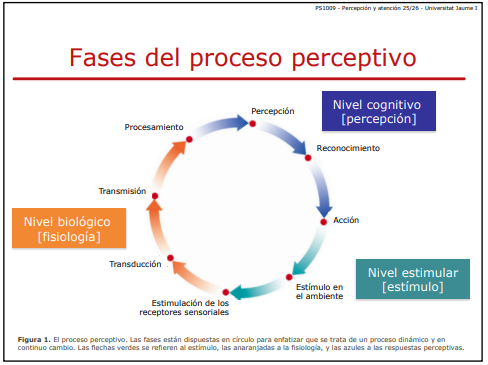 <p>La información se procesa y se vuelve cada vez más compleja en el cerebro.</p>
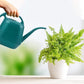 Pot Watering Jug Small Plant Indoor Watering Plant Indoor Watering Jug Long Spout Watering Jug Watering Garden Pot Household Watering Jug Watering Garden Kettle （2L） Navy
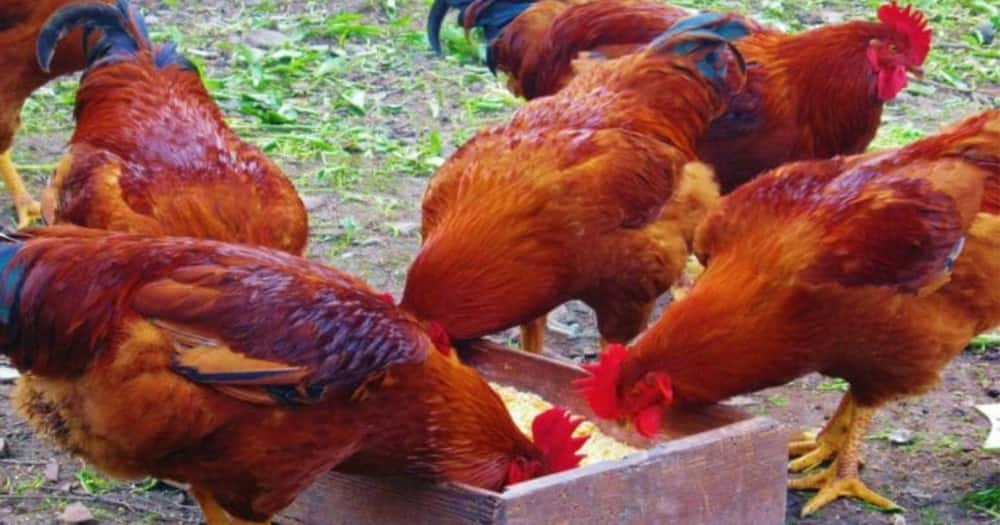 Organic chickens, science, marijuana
____________
#### Your task
Every line above goes into your copy exactly; no images go in.

#### Expected output
 <p>La información se procesa y se vuelve cada vez más compleja en el cerebro.</p>
 Pot Watering Jug Small Plant Indoor Watering Plant Indoor Watering Jug Long Spout Watering Jug Watering Garden Pot Household Watering Jug Watering Garden Kettle （2L） Navy
 Organic chickens, science, marijuana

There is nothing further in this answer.